Your answer must be the exact lines of the listing below that run from the line with "Sportowa 24, 39-200" to the line with "marketing_roi marketing_roi", ends included, and no pictures.

§ **Material for the task**
-------
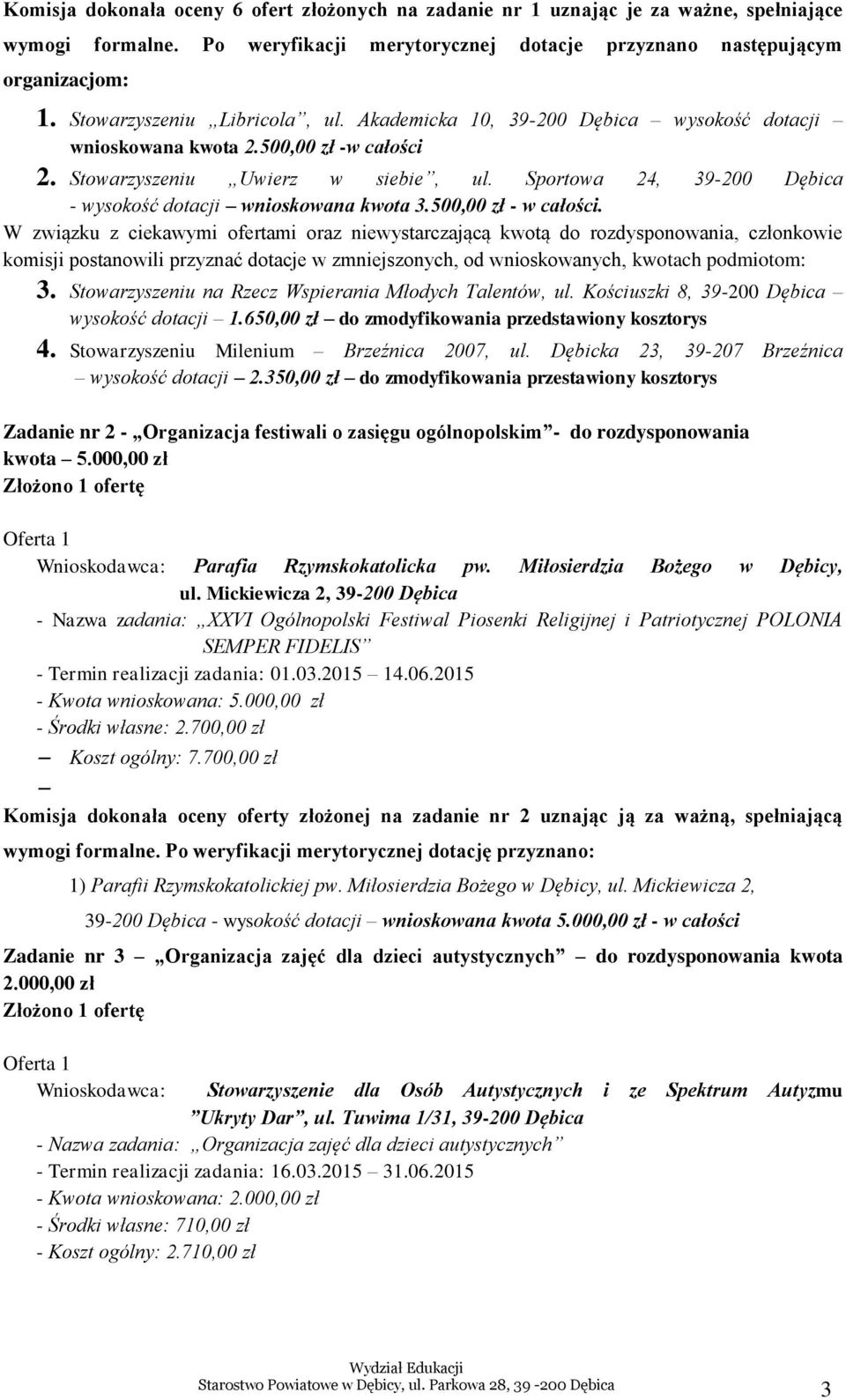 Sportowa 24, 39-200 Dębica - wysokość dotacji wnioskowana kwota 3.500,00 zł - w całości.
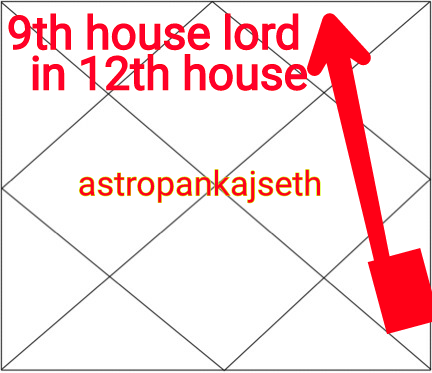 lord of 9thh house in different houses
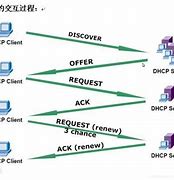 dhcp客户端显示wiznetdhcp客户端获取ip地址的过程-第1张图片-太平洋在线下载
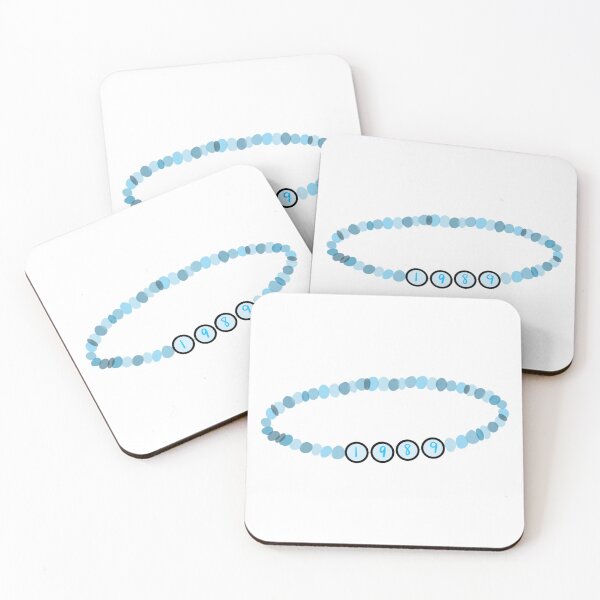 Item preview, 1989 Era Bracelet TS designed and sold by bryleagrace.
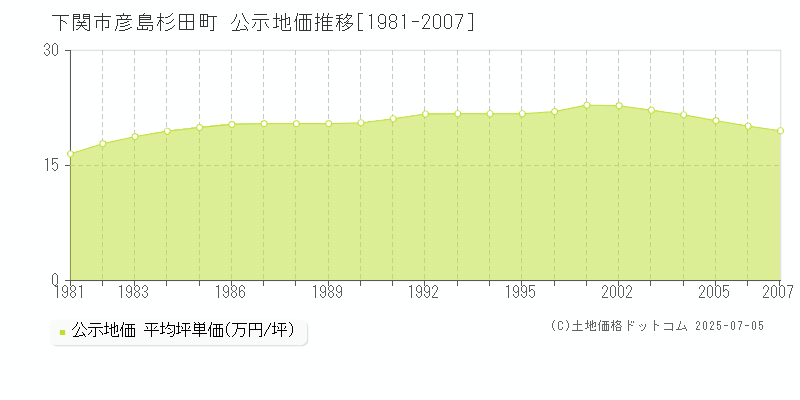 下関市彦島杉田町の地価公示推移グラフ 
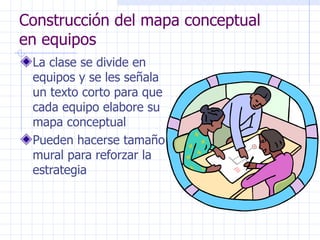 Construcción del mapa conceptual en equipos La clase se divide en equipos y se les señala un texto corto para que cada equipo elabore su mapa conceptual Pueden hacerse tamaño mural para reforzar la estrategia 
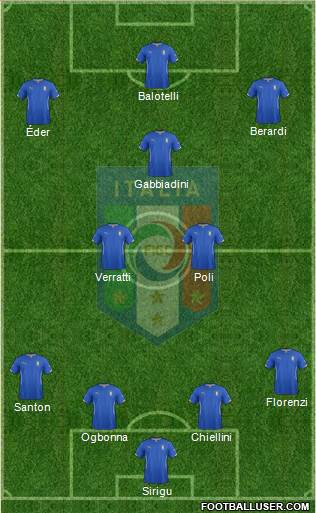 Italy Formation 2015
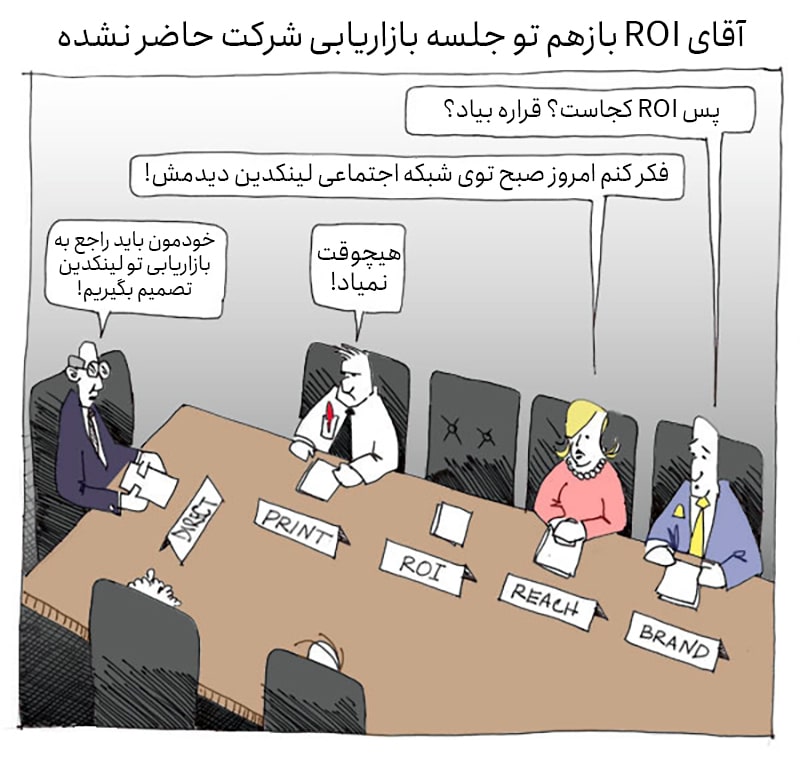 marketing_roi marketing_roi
-------
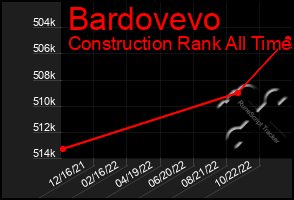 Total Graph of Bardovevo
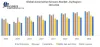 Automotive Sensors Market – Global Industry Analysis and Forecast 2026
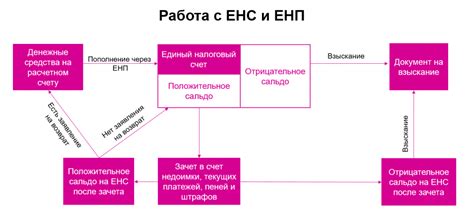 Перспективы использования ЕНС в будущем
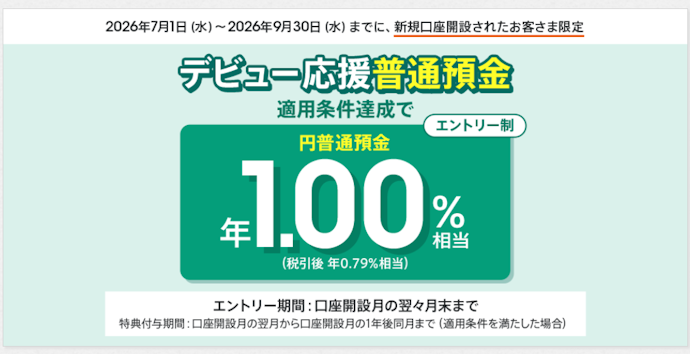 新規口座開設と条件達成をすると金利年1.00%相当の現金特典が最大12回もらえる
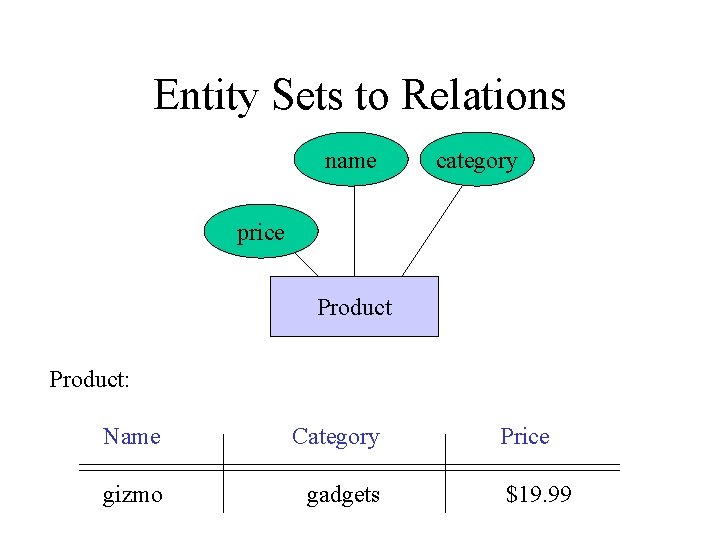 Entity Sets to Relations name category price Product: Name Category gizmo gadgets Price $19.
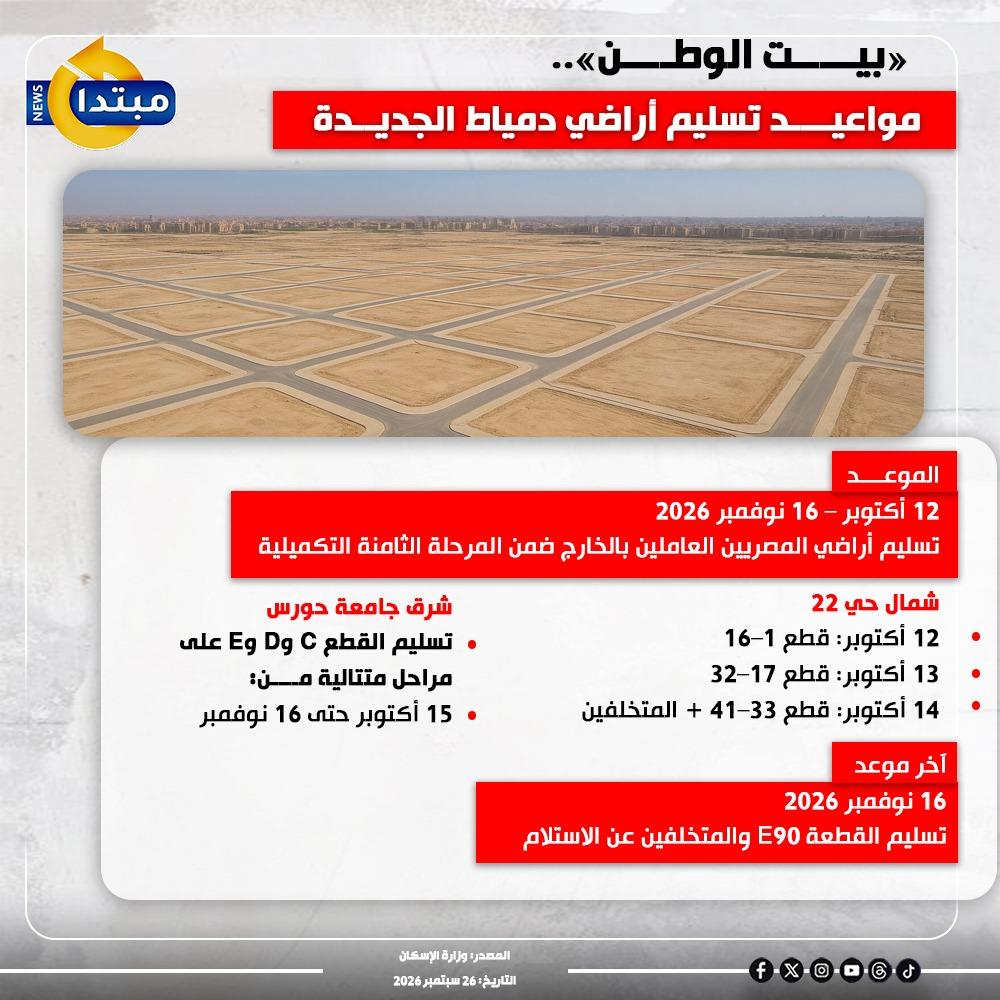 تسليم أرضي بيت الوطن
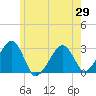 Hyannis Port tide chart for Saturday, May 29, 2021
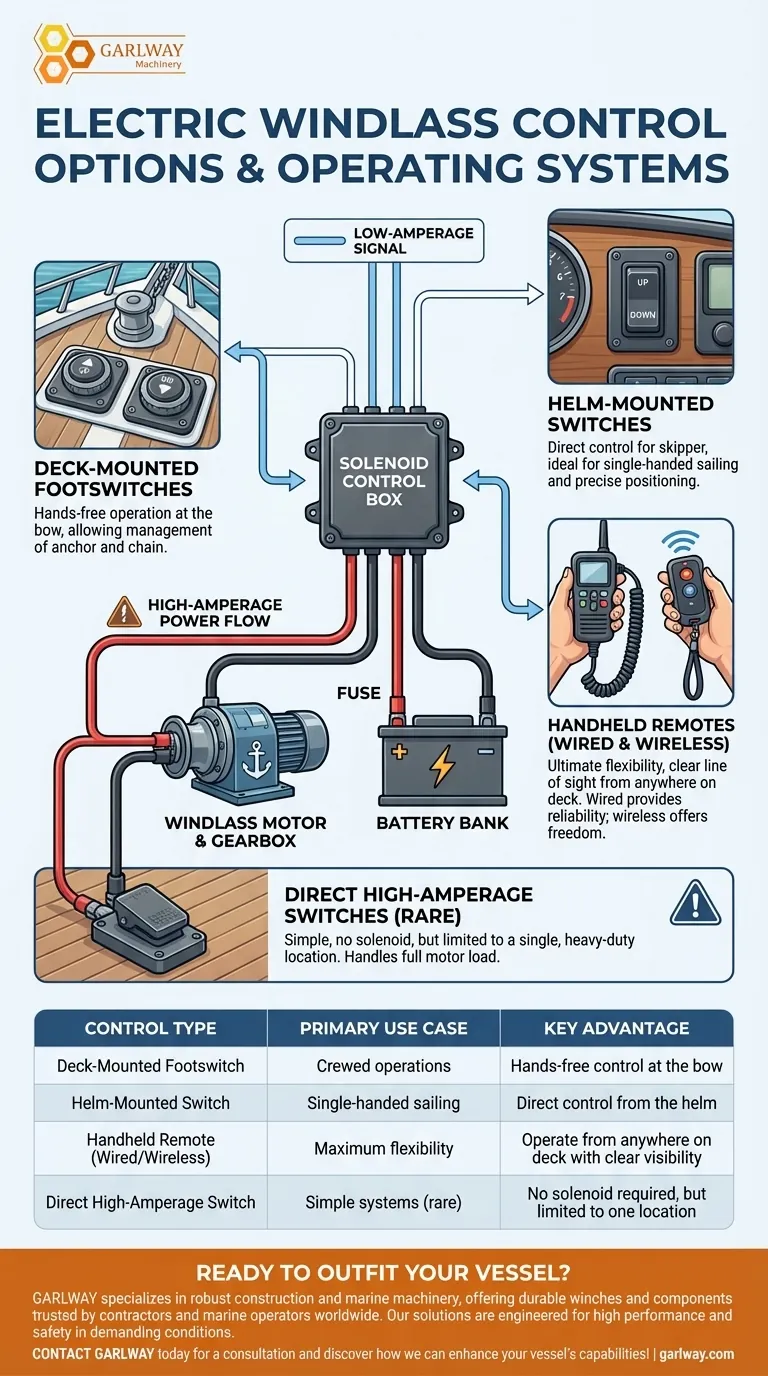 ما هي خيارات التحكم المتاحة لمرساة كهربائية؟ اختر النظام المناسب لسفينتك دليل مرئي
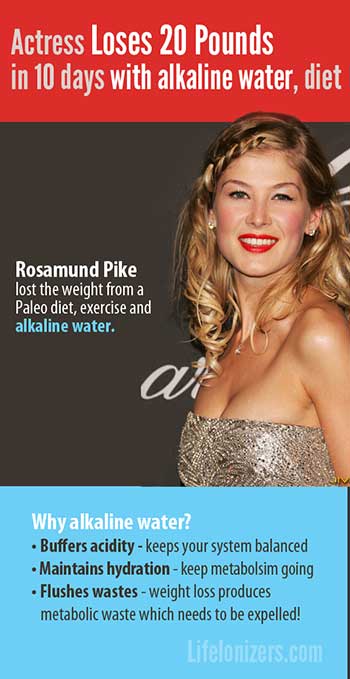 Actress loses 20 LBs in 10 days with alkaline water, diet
-------
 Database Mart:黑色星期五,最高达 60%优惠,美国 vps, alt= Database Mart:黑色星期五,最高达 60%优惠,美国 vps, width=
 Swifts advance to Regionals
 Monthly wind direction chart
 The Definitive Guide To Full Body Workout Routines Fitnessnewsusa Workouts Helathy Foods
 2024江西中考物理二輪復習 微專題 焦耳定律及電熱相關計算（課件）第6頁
-------
§ **Solution**
 Sportowa 24, 39-200 Dębica - wysokość dotacji wnioskowana kwota 3.500,00 zł - w całości.
 lord of 9thh house in different houses
 dhcp客户端显示wiznetdhcp客户端获取ip地址的过程-第1张图片-太平洋在线下载
 Item preview, 1989 Era Bracelet TS designed and sold by bryleagrace.
 下関市彦島杉田町の地価公示推移グラフ 
 Construcción del mapa conceptual en equipos La clase se divide en equipos y se les señala un texto corto para que cada equipo elabore su mapa conceptual Pueden hacerse tamaño mural para reforzar la estrategia 
 Italy Formation 2015
 marketing_roi marketing_roi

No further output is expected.